Der Angeklagte muss sodann Verfahrenskosten von fast 12000 Franken, die Busse und die bedingte Geldstrafe von 2016 in Höhe von 2700 Franken bezahlen. Dazu kommen das Honorar für den amtlichen Verteidiger – wenn der Angeklagte wieder Geld hat – und Schadenersatz für die Besitzerin der Handtasche. Die anderen Opfer müssen ihre Forderungen in einem Zivilverfahren geltend machen. Somit bleibt der Richter etwas unter dem Antrag der Staatsanwältin.

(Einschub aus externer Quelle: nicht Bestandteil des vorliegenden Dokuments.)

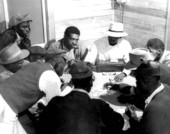 African American men playing cards - Moore Haven, Florida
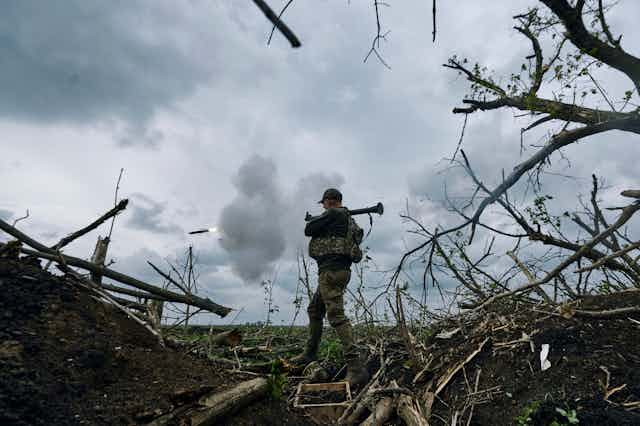 A Ukrainian soldier fires an RPG toward Russian positions in eastern Ukraine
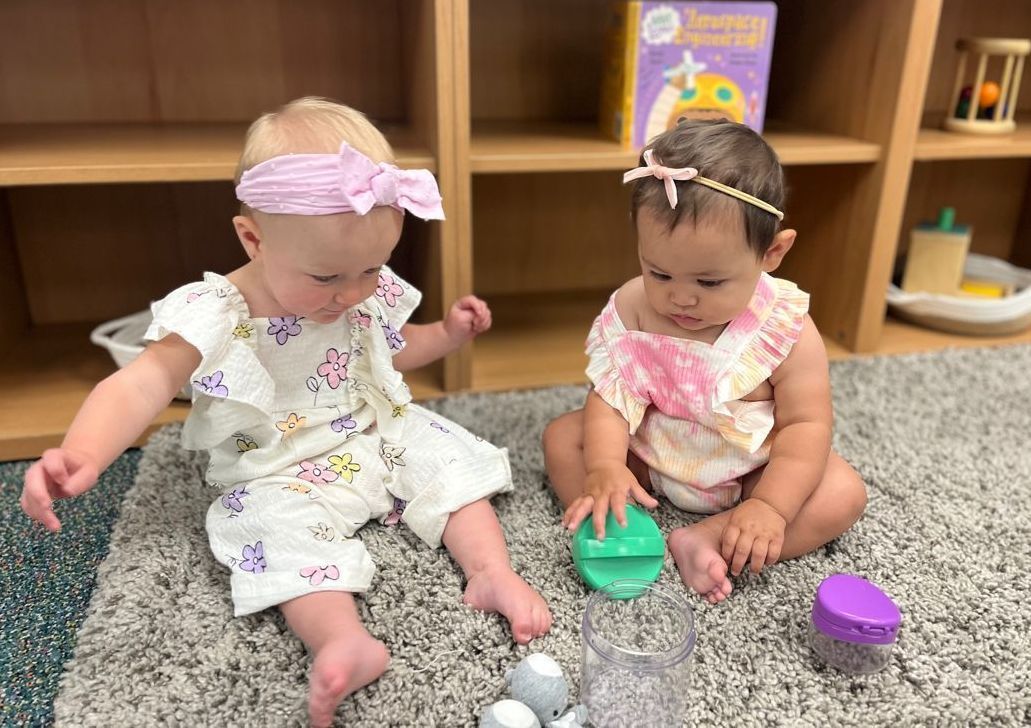 Montessori Infants working together  in the classroom.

«Ich sage es klipp und klar. Sie müssen etwas ändern, sonst kommt es nicht gut», sagt der Richter in der Kurzbegründung. Eine Freiheitsstrafe sei etwas anderes – und nichts Besseres – als eine Geldstrafe, die man bezahle oder nicht bezahle. Auch der Widerruf der bedingten Geldstrafe sei ein Zeichen, dass eine Verhaltensänderung nötig sei. Die neue bedingte Geldstrafe ist die Quittung für die Übertretungsdelikte. Momentan sei die Prognose für den Angeklagten wegen der neuen Arbeitsstelle, des neuen Wohnorts und wegen neuer Kollegen positiv, sagt der Richter.
Am Dienstag gibt es mit fünf Personen, ohne den Journalisten, unüblich viele Zuschauer. Neben einem Einbruchsopfer und dem Vater einer anderen Geschädigten ist auch die Mutter des Angeklagten anwesend, die zeitweise mit dem Schluchzen kämpft.